JR:  Is it hard to think back about it and remember?

GN:  No, I was just the last child that was born in our family. 

JR:  It’s okay.  Take whatever time you need. 

GN:  And the only daughter. 

JR:  How many children were there?

GN:  I have three brothers, who are older than I, and my parents, as I understood, wanted to have a girl. 

JR:  It’s okay. 

GN:  So, they tried very hard until they get a girl, [laughter] and then had no more children.  They called me in a Yiddish word, “a mizinik” that means little finger or pinky.  As a girl that they really wanted for a long time, I was quite spoiled.  Everybody loved me.  We had a very good family and beautiful relationship. My brothers tried to take care of me and protected me in any way that they could.  I think I grew up in a very loving environment.  My father was a carpenter, and my parents came from Ukraine, from the shtetl called Kodima actually near Odessa.  They settled in Moscow and my father built the house himself.  We lived in our own house.  That was very unusual for Russia, because usually people share apartments, and we had our own house.  I had my own bedroom, which also was unusual.  Later after I came here I realized I grew up almost as if I had been born in the United States.  My mother worked from home because there were a lot of children, and she was taking care of the house and kids and my father who was constantly working.  My mother would not even let me go to kindergarten.  I stayed home and was envious looking out the window.  Through the window, I could see the kindergarten and children playing together, and I was really jealous that I was not in this group.  But much later I realized that my mom was right not to send me to this kindergarten if they had the chance to keep me home and raise a healthy and happy child.  In Russia, it was a different culture, and it was very unusual that my father not only had a house, but we had a garden around the house and the fence that surrounded the garden.  In this garden, we had everything.  We had all the vegetables that he grew.  We had all kind of berries and apple, pear, and cherry trees. [laughter] We were doing a lot of jams from it that we would be able to use in the winter.

JR: Sounds great. 

GN:  Yes.  Also, we even had some chickens and fresh eggs. [laughter]

JR: Wow. 

GN:  It’s not typical at all.  Very unusual situation.  But what we did not have was indoor plumbing.  On the street near us was the well that we could pump the water into buckets and bring them back to the house.

JR:  That makes it hard.

GN:  When we could not go to the outhouse, we used a bucket indoors and later emptied it.  A few years later, we did get indoor plumbing.  This was in the center of Moscow actually, very almost center, and of course, Moscow was growing, and they were building big buildings, not separate houses.  

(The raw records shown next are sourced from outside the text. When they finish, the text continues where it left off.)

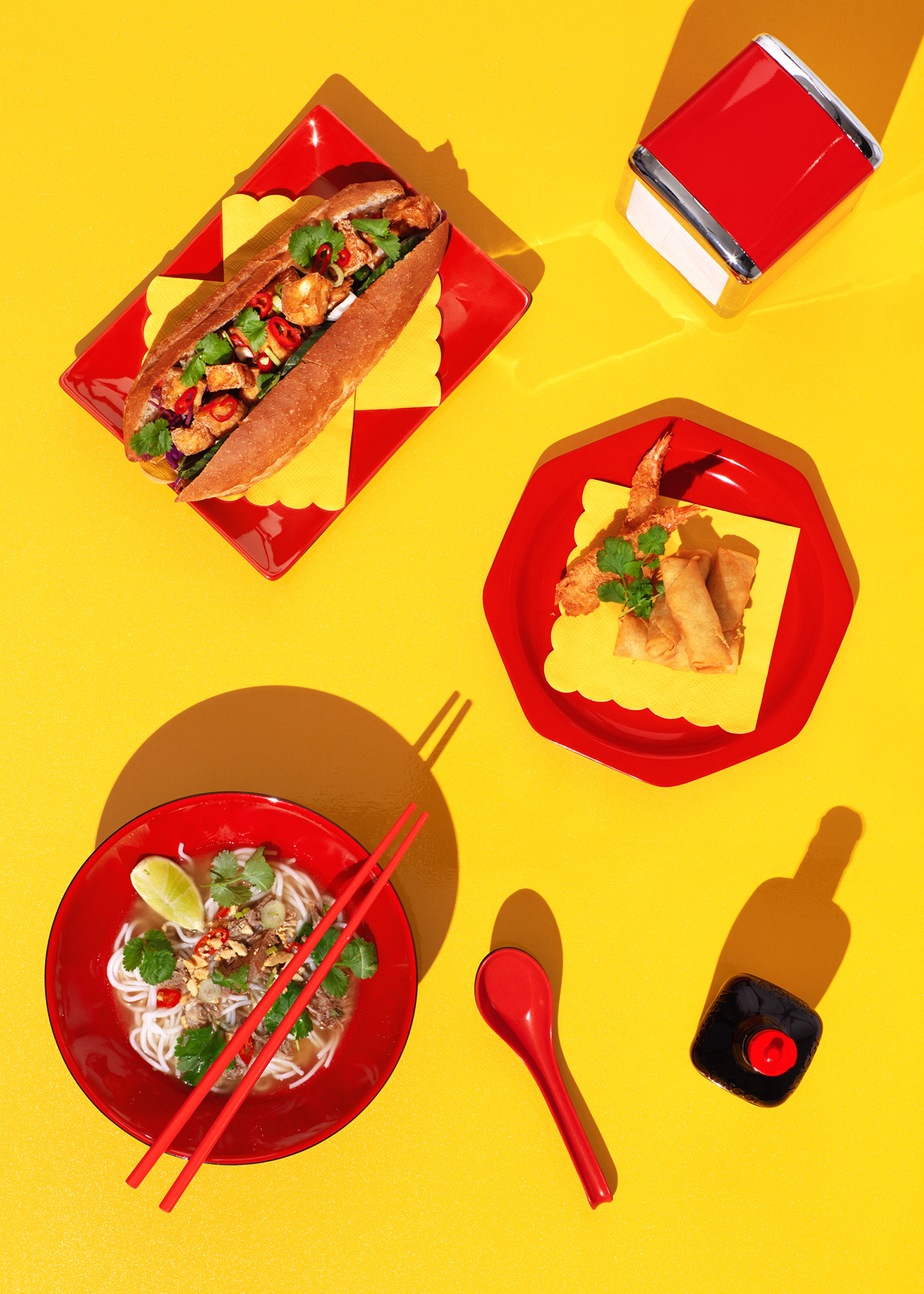 Color Pop colorful photography food photography Maggi Prop Styling red and yellow set design  still life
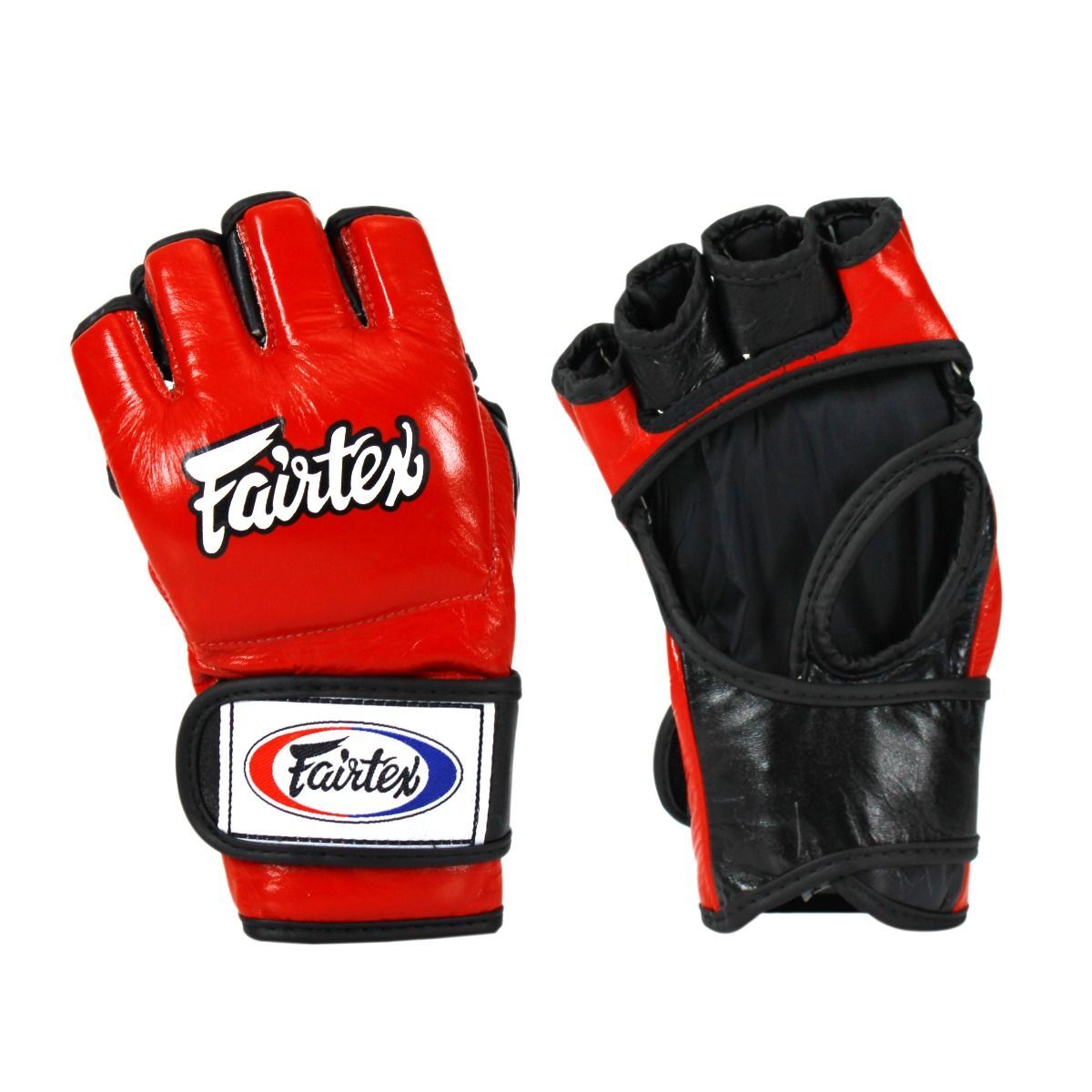 Red and black Fairtex MMA gloves on a white background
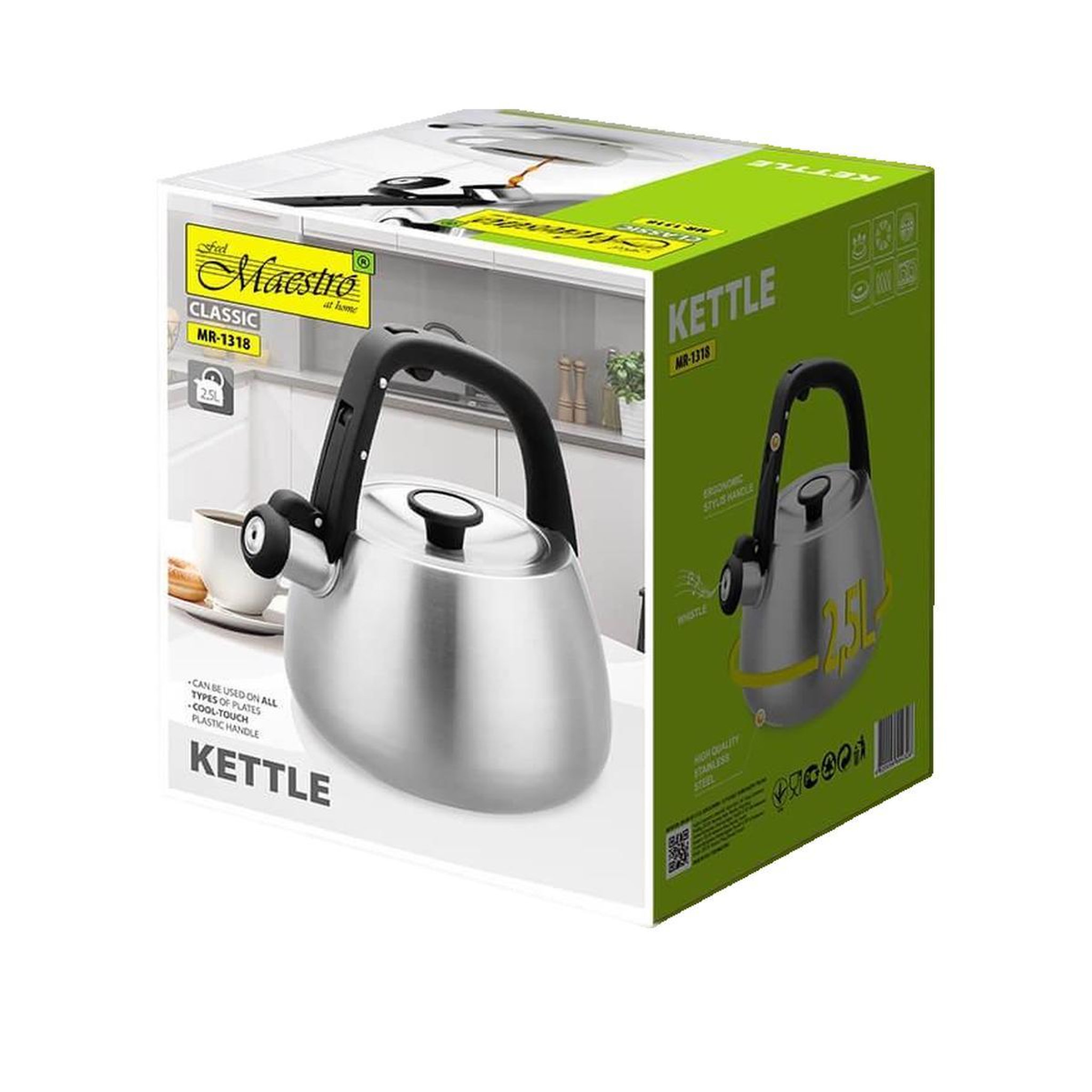 Voir la diapositive 2 : HELLO MAESTRO Bouilloire Maestro MR-1318 acier inoxydable 2,5 litres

JR:  How was your father able to build his own house?  How did you get the land to do that?

GN: This I don’t know. [laughter] Maybe it was permitted at that time, and they moved to Moscow because it was all legal, of course.  I have no idea.  Probably, he somehow got permission to do it.  So, our house was under the construction, and the city wanted to build something big at this place, so they instead, of this house that we had – I can’t tell you how square meters it was.  I only know that it was a really comfortable place to stay.  My oldest brother, when he got married and they had first daughter, we all lived together, and they lived in one room.  My other brother got married and he moved [with] his wife [to] a new place that she lived.  My youngest brother stayed with us also.  He had his room, and I had my room, and my parents.  My brother who got married and who has a daughter received just one room.  Oh, I think he has a son also at that time.  Just five meters [per] person. 

JR:  Wow.

GN:  Twenty square meters for four of them.  Somebody else lived in the same apartment, like two-room apartment and one room is the neighbor sharing the same kitchen and the bathroom.  Also, my parents received two-bedroom apartment including me and my younger brother.  Then I got married, and we lived in an eleven square meter room with our first son when he was born.  My brother would stay overnight in this apartment until he got married, and then we decided to move.  It was practiced in Russia to exchange apartments.  If we had two-bedroom apartment, we could exchange a one-bedroom apartment in two different areas and give those people two-bedroom apartment.  This is what we did and finally, my family moved out.  We got one bedroom with the separate kitchen where we were living together with our son, and we had one room, and it was a screen.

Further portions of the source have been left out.